● **Exercise prompt**
Transcribe the listing verbatim, please, with images dropped.

****************

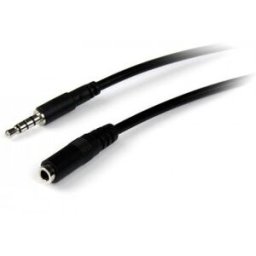 StarTech.com Cable de 1m de Extensión Alargador de Auriculares Headset Mini-Jack 3,5mm 4 pines Macho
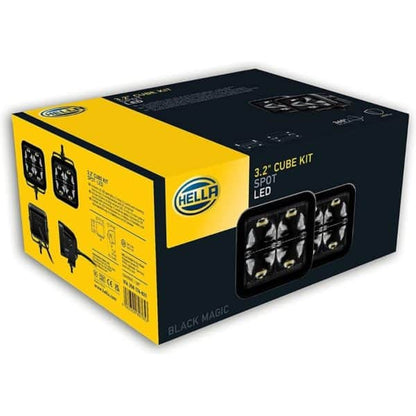 Hella LED Black Magic 3.2" Cube Kit - (Spot)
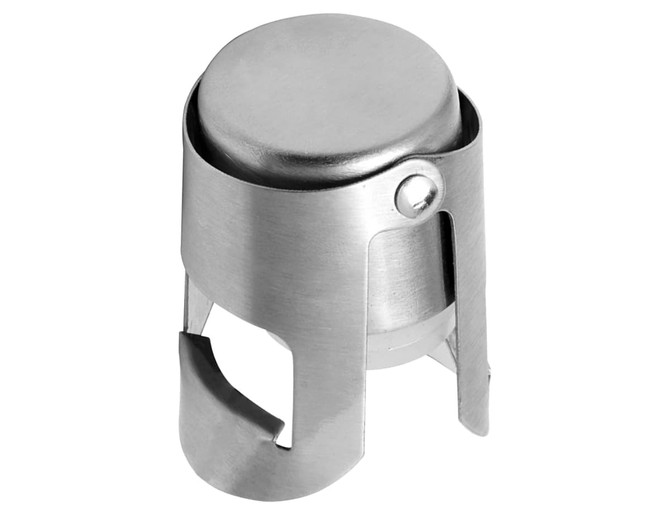 A stainless steel bottle stopper with a sleek design and a secure closure mechanism.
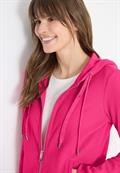 Langarm Jacke mit Kapuze und Taschen beetroot pink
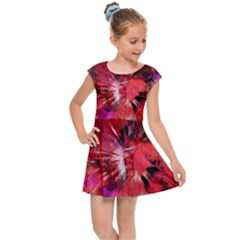 Color Abstract Background Textures Kids Cap Sleeve Dress by Sapixe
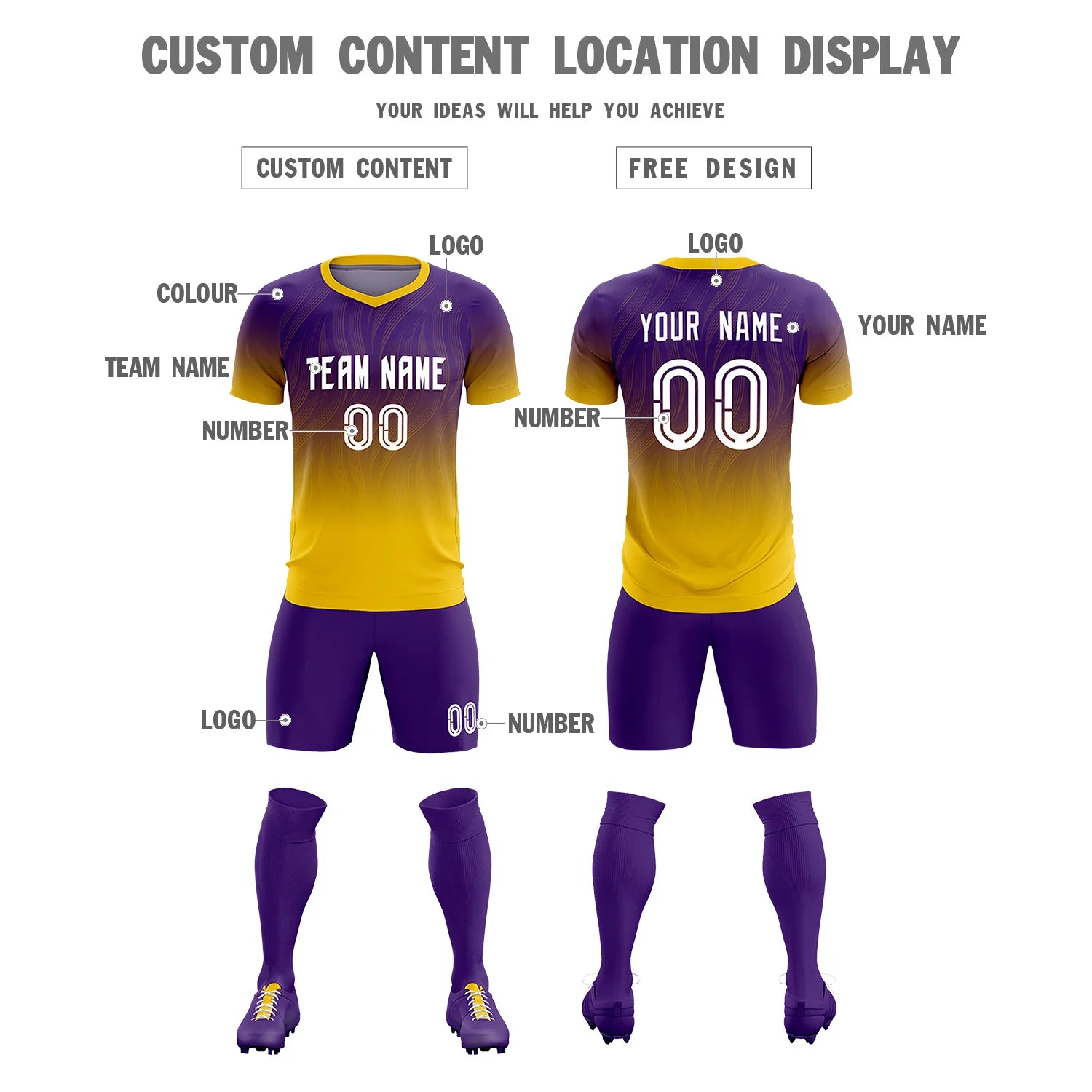 Custom Purple Gold01 Printing Sportswear Soccer Sets Jersey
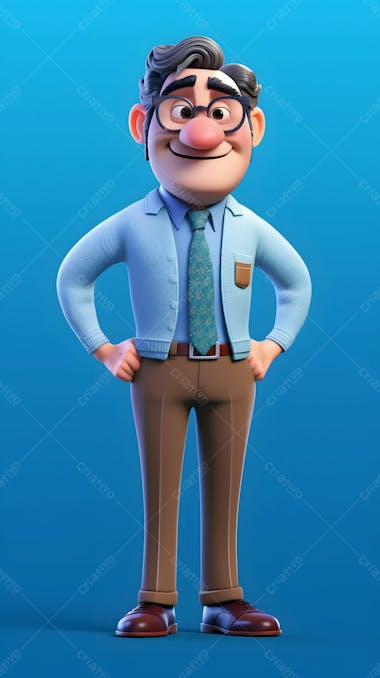 Personagem de desenho animado 3d professor de homens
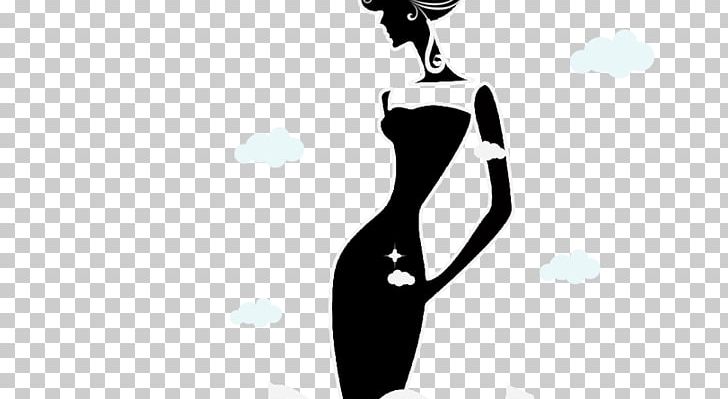 Black And White Silhouette Drawing PNG, Clipart, Black, Black And White, Business Woman, Character, Clouds Free PNG Download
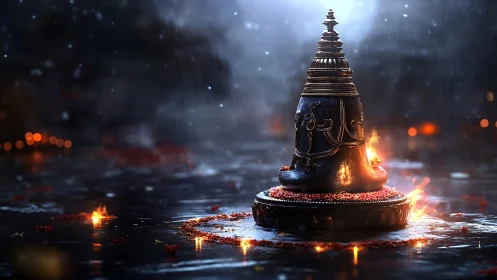 Sacred Shiva lingam glows through rainlit night ritual fire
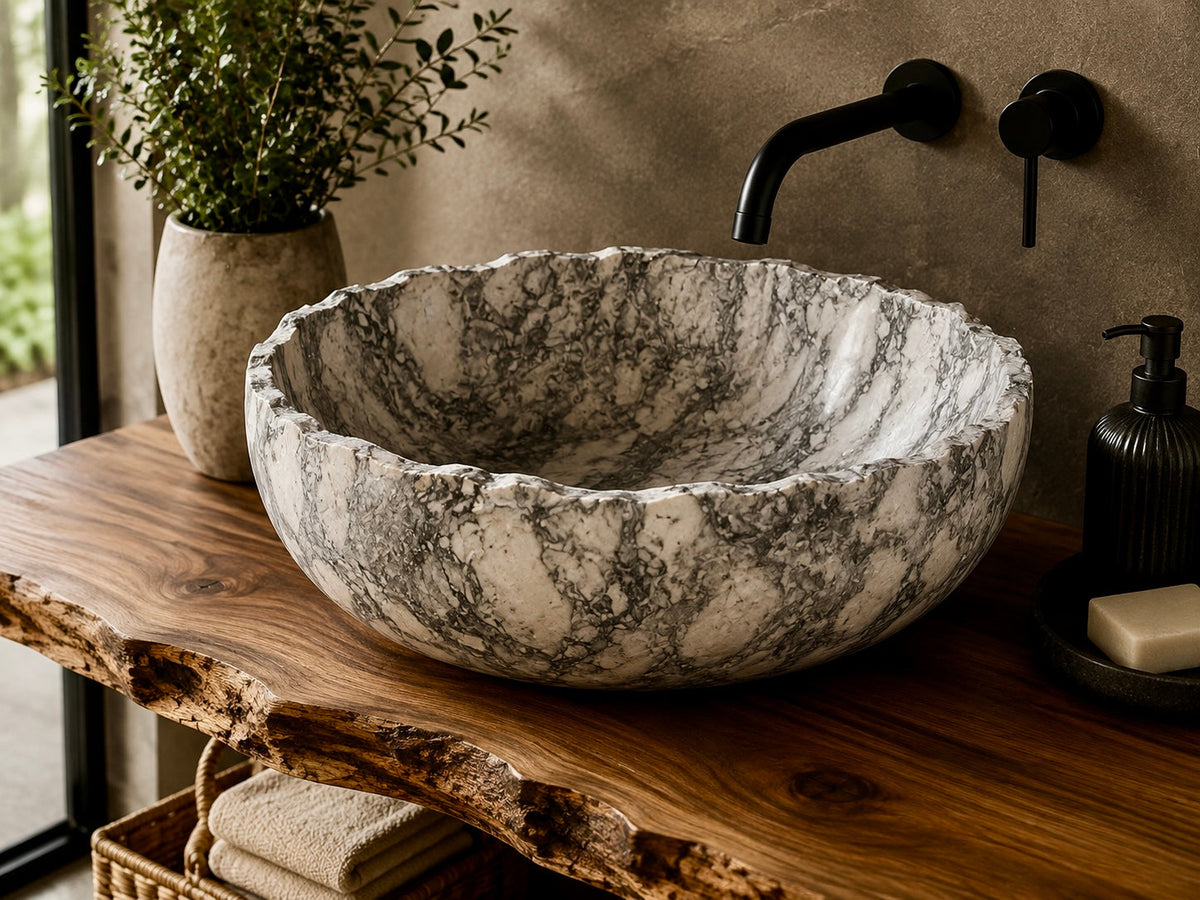 Lavabo à poser en pierre ou marbre — vue de dessus
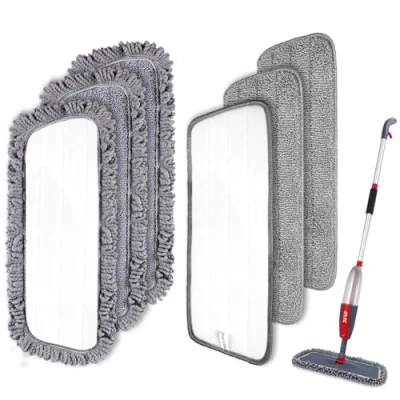 Image of Microfiber Spray Mop Pads Replacement for Floor Cleaning Mops Heads Washable Reusable Flat Refills Fit All &amp; Reveal Mop, Rags 6 Pack/Set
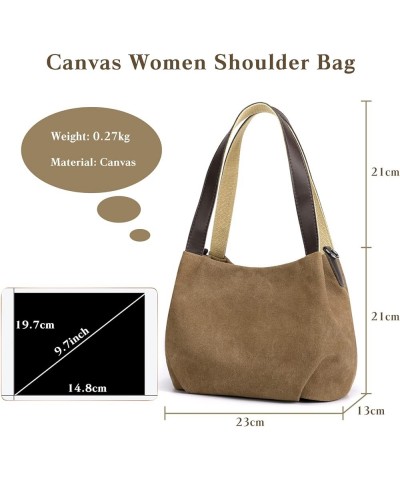 Women Underarm Bag Canvas Handbag Ladies Top Handle Bag Casual Clutch Tote Bag Brown $30.19 Totes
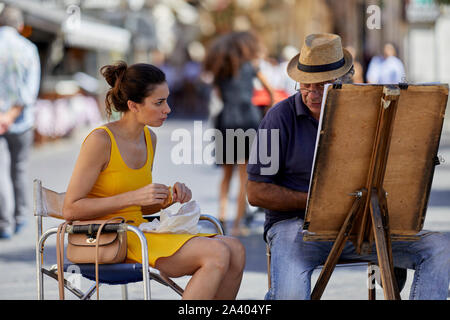 La peinture de l'artiste portrait of girl in Taormina, Sicile Banque D'Images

****************

● **Response**
 StarTech.com Cable de 1m de Extensión Alargador de Auriculares Headset Mini-Jack 3,5mm 4 pines Macho
 Hella LED Black Magic 3.2" Cube Kit - (Spot)
 A stainless steel bottle stopper with a sleek design and a secure closure mechanism.
 Langarm Jacke mit Kapuze und Taschen beetroot pink
 Color Abstract Background Textures Kids Cap Sleeve Dress by Sapixe
 Custom Purple Gold01 Printing Sportswear Soccer Sets Jersey
 Personagem de desenho animado 3d professor de homens
 Black And White Silhouette Drawing PNG, Clipart, Black, Black And White, Business Woman, Character, Clouds Free PNG Download
 Sacred Shiva lingam glows through rainlit night ritual fire
 Lavabo à poser en pierre ou marbre — vue de dessus
 Image of Microfiber Spray Mop Pads Replacement for Floor Cleaning Mops Heads Washable Reusable Flat Refills Fit All &amp; Reveal Mop, Rags 6 Pack/Set
 Women Underarm Bag Canvas Handbag Ladies Top Handle Bag Casual Clutch Tote Bag Brown $30.19 Totes
 La peinture de l'artiste portrait of girl in Taormina, Sicile Banque D'Images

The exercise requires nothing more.